Rewrite UMICollapse in Rust, achieving ~4.5x speedup (done in ASC25).
#!/bin/bash
numactl --cpunodebind=0 --membind=0 ./umicollapse/target/release/umicollapse --mode bam \
--data naive \
--merge avgqual \
--num-threads 16 \
-i "${dataout}/${srr}/${srr}.mRNA.genome.mapped.sorted.bam" \
-o "${dataout}/${srr}/${srr}.mRNA.genome.mapped.sorted.dedup.bam"
The original program was written in Java (UMICollapse). Our optimization approach includes the following key strategies:
Through comprehensive performance analysis, we discovered that the bottleneck wasn't in the UMICollapse program itself, but in the I/O operations of the Java library htsjdk that it depends on. Further research (PMC7931820) revealed that htsjdk has a corresponding C library htslib, which supports parallel BAM file reading/writing (while htsjdk only supports single-threaded I/O). Therefore, rewriting was necessary to leverage these performance improvements.
This optimization was already present in the original Java version. Since the program maintains a very large hash table, computing hash values for keys during various operations on hash table entries incurs significant overhead. We cache the hash value in a field of the key and use a flag bit to indicate whether the hash value needs to be recalculated.

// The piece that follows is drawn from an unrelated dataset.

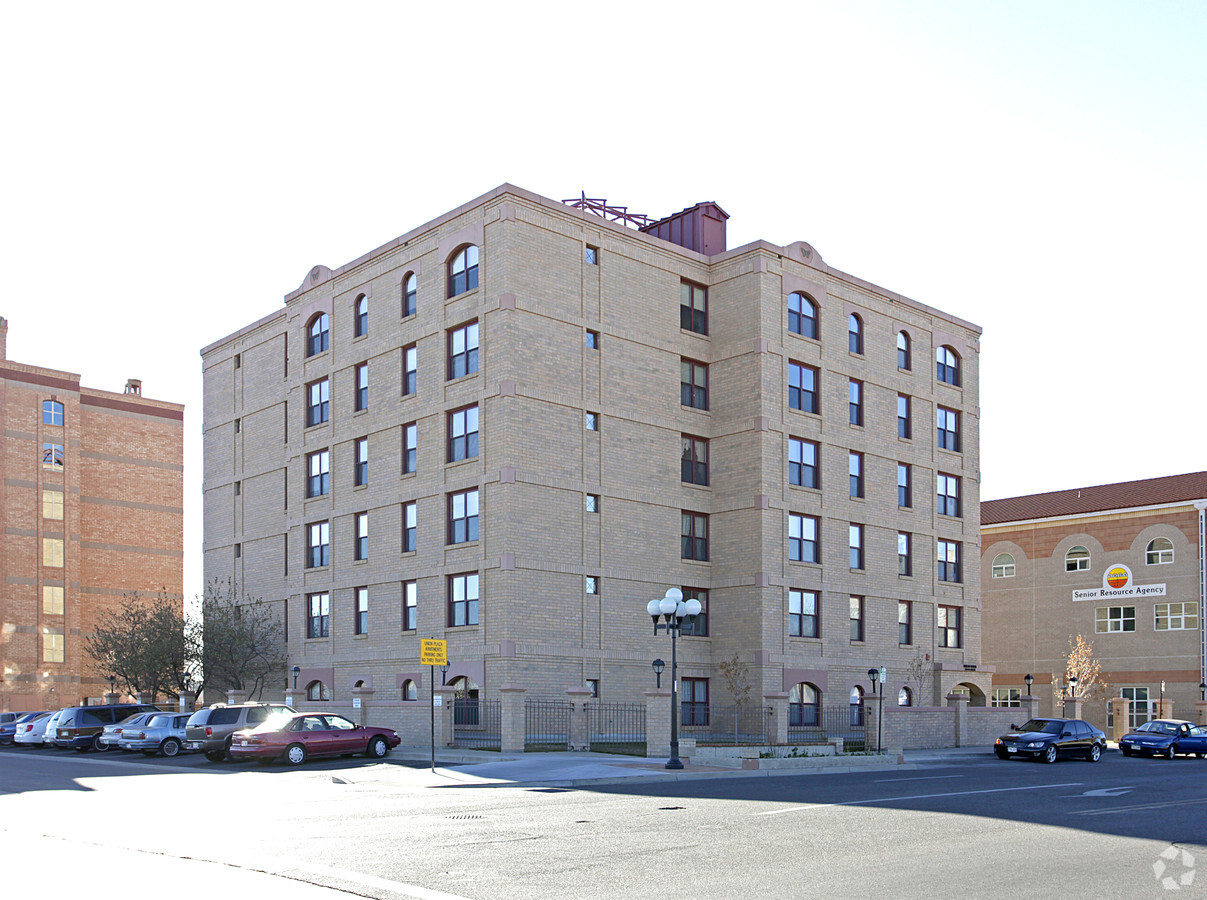 Photo - Union Plaza Apartments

Analysis showed that regular expression matching was consuming significant time. By analyzing the characteristics of the haystack, we found that substring search could completely replace regex matching, providing substantial performance gains.
The HashMap's Drop overhead was extremely high, taking approximately 1 minute. By using arena allocation to uniformly manage all HashMap entries and releasing them collectively at the end of their lifecycle, we reduced this overhead to around 4 seconds.